▸ **Excerpted data**
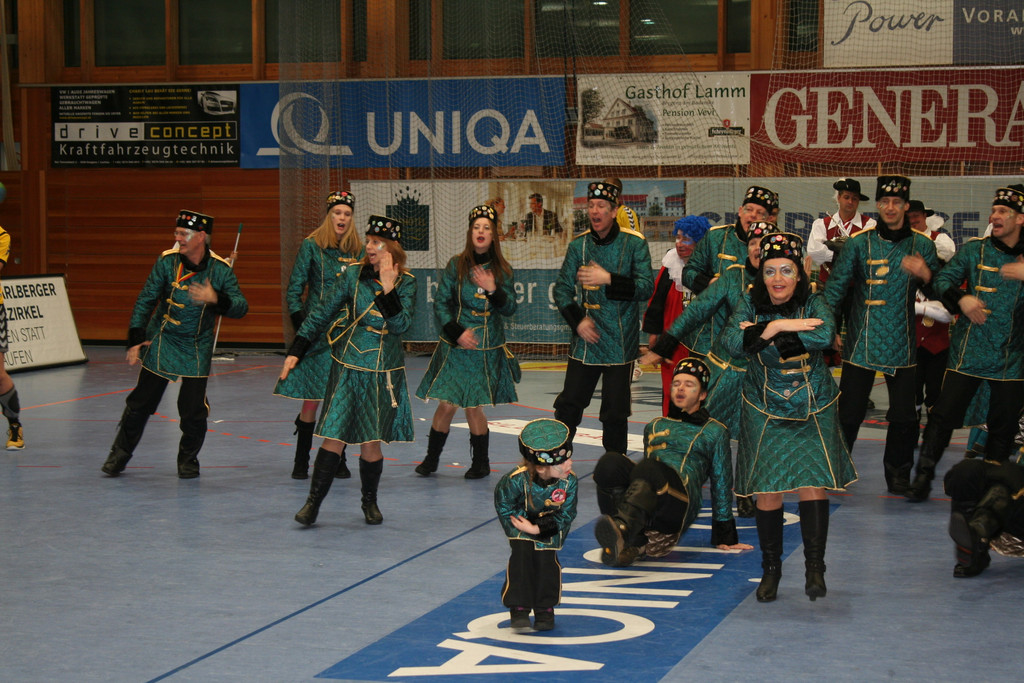 IMG_2744_JPG-1360592543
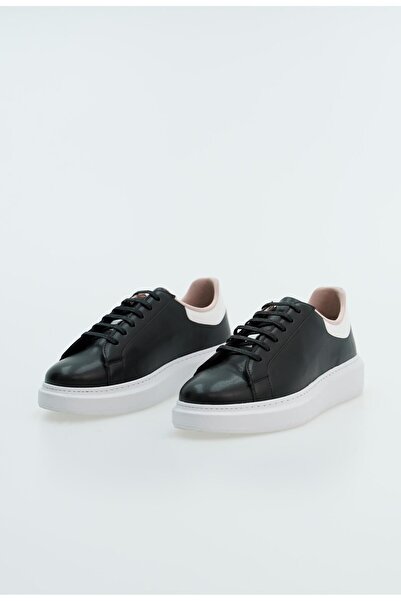 CZ London Ανδρικά αθλητικά παπούτσια καθημερινής άνετης σόλας που αναπνέουν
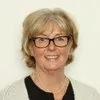 Meriel Dodd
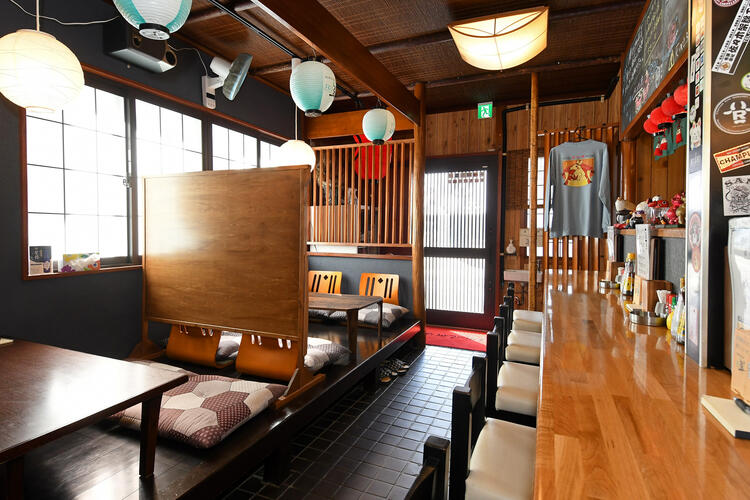 週3日〜・1日3h〜OK◎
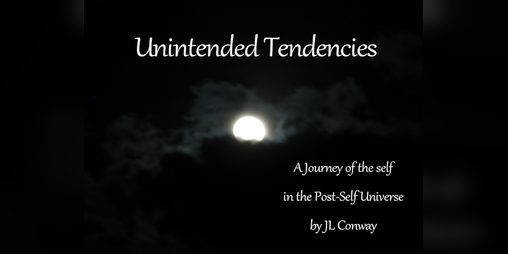 Cover image for Unintended Tendencies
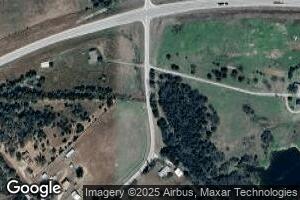 0 Road 2 Unit 31821, Cedar Vale, KS 67024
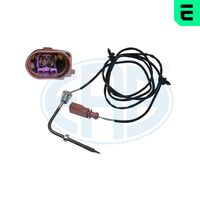 ERA 551662A - Sensor, temp. gas escape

▸ **Activity**
Return each entry exactly as given. Leave the images out.

▸ **Answer area**
 IMG_2744_JPG-1360592543
 CZ London Ανδρικά αθλητικά παπούτσια καθημερινής άνετης σόλας που αναπνέουν
 Meriel Dodd
 週3日〜・1日3h〜OK◎
 Cover image for Unintended Tendencies
 0 Road 2 Unit 31821, Cedar Vale, KS 67024
 ERA 551662A - Sensor, temp. gas escape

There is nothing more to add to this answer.